Smallholder production a powerful tool to achieve sustainable global development

©FAO/Roberto Cenciarelli 17 July 2018, Rome - The gross annual value of smallholder production worldwide is some 60 percent greater than that of the world’s 10 largest food companies combined, demonstrating the significance of small producers, said a report launched Tuesday at World Forest Week.

According to the report, published by the International Union for Conservation of Nature (IUCN) — one of four partners in the FAO-based Forest and Farm Facility (FFF) — production from the world’s 1.5 billion smallholders together was valued at between USD 869 billion and USD 1.29 trillion measured in 2017 dollars. This helps to demonstrate why the role of these small producers should be recognized and supported by authorities, said the report ‘The world’s largest private sector? Recognizing the cumulative economic value of small-scale forest and farm producers’.

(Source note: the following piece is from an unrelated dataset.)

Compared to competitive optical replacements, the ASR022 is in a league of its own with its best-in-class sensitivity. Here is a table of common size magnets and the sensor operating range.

"The report, which measured the combined value of smallholder crops, fuelwood and charcoal, timber, and non-wood forest products, helps to show the power of small producers and their crucial role in helping to achieve sustainable global development", said Jeffrey Campbell, Manager of FFF. In addition to IUCN, the other three partners in FFF are FAO, the International Institute for Environment and Development (IIED) and AgriCord.

The report was released during a World Forest Week event titled ‘The scale of forest and farm producers' contributions to sustainable development: What we know and what we don’t’. During the event, discussions included FFF’s first five years of activity, which recently concluded. Its Phase II is now being launched and will see FFF continue its global work programme supporting forest and farm producers and their organizations. 

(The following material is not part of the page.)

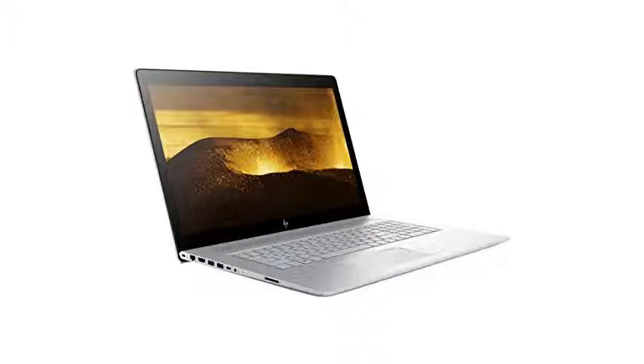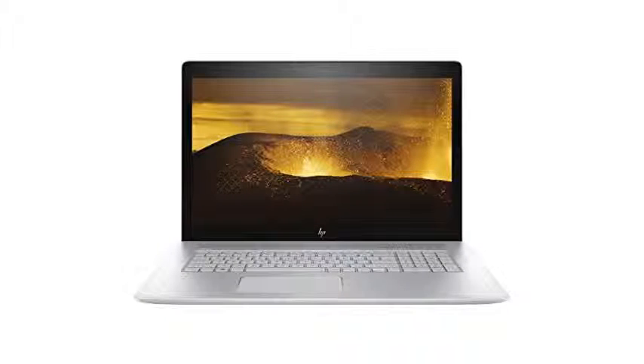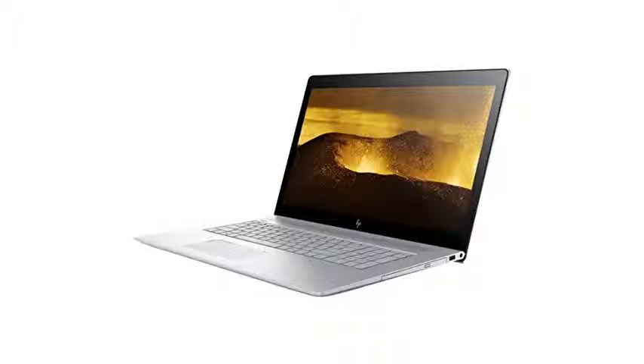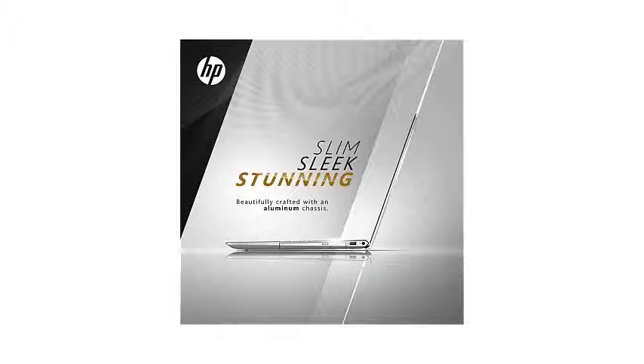HP is known for making simple, usable computers that appeal to the whole family, and the HP Envy falls in that niche. It's definitely not the best all-in-one computer reviewed and doesn't quite live up to its name, but if you want a 4K computer without paying too much extra for the privilege, it can deliver some truly beautiful visuals.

In its conclusion, the report on smallholders said that as decision-makers become more aware of the important role smallholders play in rural, national and global economies, they should closely consider how to better support them.

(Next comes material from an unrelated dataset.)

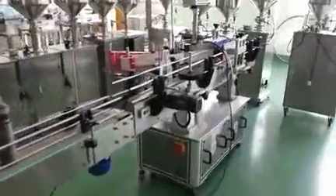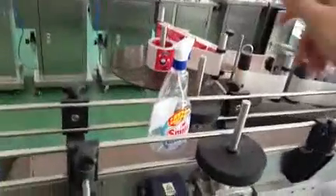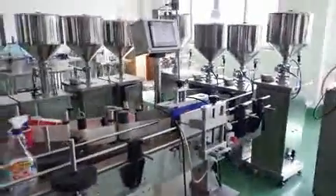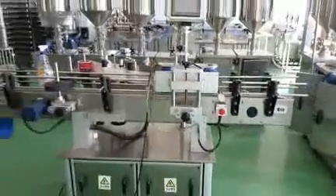The third one is the labeling machine that you inquired about. You can see here the bottle is a flat bottle, and on the two sides you can see the whole line that you inquired about.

“As the world develops policies and strategies for growth, it is critical that the needs of local communities, family farmers and smallholders, as well as indigenous peoples and small-scale enterprises should be front and center", said Campbell. “Just imagine how much more of an impact these producers and their organizations could have if they received more support, whether that's in the form of developing markets, gaining better access to financing, or coaching in marketing new products".

Participants at Tuesday’s event agreed with the report’s call for continued collection of data related to small producers, to better understand the links between smallholders, landscapes and markets which would, in turn, inform effective policies that empower smallholders to secure their means of production.